Oracle Seeks $6.1 Billions from Google in Java Patent Lawsuit

Oracle is seeking as much as $6.1 billion in damages in a patent- and copyright-infringement lawsuit against Google that claims the search-engine company's Android software uses technology related to the Java programming language, according to court papers.The case was started in August 2010, seven months after Oracle acquired Sun Microsystems - and, with it, all […]

Oracle is seeking as much as $6.1 billion in damages in a patent- and copyright-infringement lawsuit against Google that claims the search-engine company's Android software uses technology related to the Java programming language, according to court papers.

The case was started in August 2010, seven months after Oracle acquired Sun Microsystems - and, with it, all rights to the Java patents.
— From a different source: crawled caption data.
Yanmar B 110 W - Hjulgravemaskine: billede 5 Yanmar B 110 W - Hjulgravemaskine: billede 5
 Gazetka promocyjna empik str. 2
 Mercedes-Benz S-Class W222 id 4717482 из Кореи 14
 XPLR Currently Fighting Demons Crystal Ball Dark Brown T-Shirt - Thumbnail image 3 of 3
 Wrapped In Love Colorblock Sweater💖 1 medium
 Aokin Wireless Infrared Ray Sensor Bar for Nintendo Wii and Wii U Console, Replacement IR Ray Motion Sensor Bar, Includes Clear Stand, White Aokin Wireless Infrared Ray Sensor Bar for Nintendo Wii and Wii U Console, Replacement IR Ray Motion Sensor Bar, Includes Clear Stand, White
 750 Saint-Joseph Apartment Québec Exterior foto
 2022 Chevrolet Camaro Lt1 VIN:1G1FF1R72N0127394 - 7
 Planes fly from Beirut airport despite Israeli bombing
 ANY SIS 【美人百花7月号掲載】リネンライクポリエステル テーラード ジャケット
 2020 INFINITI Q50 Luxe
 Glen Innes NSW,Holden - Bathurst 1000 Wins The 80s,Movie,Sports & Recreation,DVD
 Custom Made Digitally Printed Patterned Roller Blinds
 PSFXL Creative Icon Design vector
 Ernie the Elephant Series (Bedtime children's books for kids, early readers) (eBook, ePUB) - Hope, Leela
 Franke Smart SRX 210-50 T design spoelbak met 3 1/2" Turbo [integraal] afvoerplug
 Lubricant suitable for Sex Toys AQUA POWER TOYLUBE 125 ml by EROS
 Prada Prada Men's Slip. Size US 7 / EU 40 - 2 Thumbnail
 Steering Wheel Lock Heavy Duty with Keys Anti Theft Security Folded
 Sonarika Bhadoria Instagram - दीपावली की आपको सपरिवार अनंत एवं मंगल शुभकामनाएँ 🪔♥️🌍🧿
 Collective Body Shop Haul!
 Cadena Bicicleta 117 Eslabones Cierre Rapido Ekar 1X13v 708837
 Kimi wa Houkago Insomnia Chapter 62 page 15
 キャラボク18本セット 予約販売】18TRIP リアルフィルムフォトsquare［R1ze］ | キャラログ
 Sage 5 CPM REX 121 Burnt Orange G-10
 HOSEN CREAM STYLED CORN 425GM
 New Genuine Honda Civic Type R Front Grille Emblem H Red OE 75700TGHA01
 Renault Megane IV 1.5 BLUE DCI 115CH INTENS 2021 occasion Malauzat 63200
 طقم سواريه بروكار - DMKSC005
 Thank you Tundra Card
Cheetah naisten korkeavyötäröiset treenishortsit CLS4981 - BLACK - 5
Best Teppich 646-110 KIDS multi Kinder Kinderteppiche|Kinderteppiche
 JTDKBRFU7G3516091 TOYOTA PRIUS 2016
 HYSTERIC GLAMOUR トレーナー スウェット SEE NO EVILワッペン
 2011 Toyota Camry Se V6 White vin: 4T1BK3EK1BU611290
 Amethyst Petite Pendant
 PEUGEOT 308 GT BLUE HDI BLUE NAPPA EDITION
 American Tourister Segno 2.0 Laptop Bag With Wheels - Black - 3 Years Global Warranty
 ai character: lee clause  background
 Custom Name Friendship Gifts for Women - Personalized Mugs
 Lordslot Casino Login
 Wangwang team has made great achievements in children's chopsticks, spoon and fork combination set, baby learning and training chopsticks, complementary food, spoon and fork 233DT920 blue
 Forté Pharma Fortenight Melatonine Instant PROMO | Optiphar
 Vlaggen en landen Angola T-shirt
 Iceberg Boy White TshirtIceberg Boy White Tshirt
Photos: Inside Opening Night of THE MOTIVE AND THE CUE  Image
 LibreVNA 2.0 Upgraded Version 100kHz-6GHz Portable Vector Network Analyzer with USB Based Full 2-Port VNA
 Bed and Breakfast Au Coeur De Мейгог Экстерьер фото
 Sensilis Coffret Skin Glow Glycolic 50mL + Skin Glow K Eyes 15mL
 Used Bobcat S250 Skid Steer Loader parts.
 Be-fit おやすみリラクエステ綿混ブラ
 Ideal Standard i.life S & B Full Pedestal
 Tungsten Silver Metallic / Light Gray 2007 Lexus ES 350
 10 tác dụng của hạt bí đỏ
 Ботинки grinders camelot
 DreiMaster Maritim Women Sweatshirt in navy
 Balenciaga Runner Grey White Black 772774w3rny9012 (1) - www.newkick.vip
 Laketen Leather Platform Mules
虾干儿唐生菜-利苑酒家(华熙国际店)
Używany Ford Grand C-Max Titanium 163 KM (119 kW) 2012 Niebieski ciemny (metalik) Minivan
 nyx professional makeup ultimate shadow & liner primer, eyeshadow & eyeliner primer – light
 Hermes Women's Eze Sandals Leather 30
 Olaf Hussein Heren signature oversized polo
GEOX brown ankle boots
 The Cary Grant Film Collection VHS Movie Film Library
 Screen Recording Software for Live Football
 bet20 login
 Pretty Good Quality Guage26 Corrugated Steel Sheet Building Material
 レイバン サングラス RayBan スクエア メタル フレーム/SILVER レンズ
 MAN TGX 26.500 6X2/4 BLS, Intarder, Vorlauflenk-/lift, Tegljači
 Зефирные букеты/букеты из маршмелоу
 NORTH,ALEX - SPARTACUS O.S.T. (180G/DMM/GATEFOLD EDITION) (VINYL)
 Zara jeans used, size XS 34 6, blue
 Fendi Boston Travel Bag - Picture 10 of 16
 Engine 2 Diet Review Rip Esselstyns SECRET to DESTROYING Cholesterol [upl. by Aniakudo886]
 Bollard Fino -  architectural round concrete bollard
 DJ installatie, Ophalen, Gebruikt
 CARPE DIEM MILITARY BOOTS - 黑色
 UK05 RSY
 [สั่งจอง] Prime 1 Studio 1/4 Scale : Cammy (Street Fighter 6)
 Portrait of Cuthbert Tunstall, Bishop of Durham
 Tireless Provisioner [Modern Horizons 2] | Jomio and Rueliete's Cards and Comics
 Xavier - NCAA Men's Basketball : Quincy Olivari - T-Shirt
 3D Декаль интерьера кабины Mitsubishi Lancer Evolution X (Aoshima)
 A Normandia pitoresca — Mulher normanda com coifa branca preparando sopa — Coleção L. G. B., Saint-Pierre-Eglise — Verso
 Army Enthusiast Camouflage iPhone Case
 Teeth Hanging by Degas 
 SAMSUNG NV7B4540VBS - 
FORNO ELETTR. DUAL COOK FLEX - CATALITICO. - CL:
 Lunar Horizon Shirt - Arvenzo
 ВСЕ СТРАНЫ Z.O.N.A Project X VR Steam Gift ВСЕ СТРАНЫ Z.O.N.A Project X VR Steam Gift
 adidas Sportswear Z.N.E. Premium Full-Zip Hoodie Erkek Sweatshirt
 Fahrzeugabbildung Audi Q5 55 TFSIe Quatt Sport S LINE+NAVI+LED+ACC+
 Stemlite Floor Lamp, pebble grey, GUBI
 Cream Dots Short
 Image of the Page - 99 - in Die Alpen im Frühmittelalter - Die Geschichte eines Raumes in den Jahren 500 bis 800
Later in May this year, judge reduced Oracle's Patent Infringement from 129 of 132.

Google has motioned to have the case filed "under seal," a move likely designed to protect both confidential information and shareholder confidence. Oracle's objection to this Google move claimed that the figures were significant enough that they "should not be hidden from the public view," Oracle said. Their statement read:

"Oracle's damages claims in this case are in the billions of dollars [..] are based on both accepted methodology and a wealth of concrete evidence."

Google said in a June 6 letter to U.S. District Judge William Alsup, posted today on the court's online docket, that Oracle's damages expert estimated Google would owe Oracle between $1.4 billion and $6.1 billion in damages if it was found liable for infringement.

"A breathtaking figure that is out of proportion to any meaningful measure of the intellectual property at issue," Google's lawyers said in the letter. Even the low end of the range "is over 10 times the amount that Sun Microsystems Inc. made each year for the entirety of its Java licensing program and 20 times what Sun made for Java-based mobile licensing."

Google countered that Oracle's "methodology" for calculating damages is based on fundamental legal errors and improperly inflates their estimates." This claim from Google, if supported, would make Oracle's objection a moot point.

Deborah Hellinger, a spokeswoman for Oracle, declined to comment.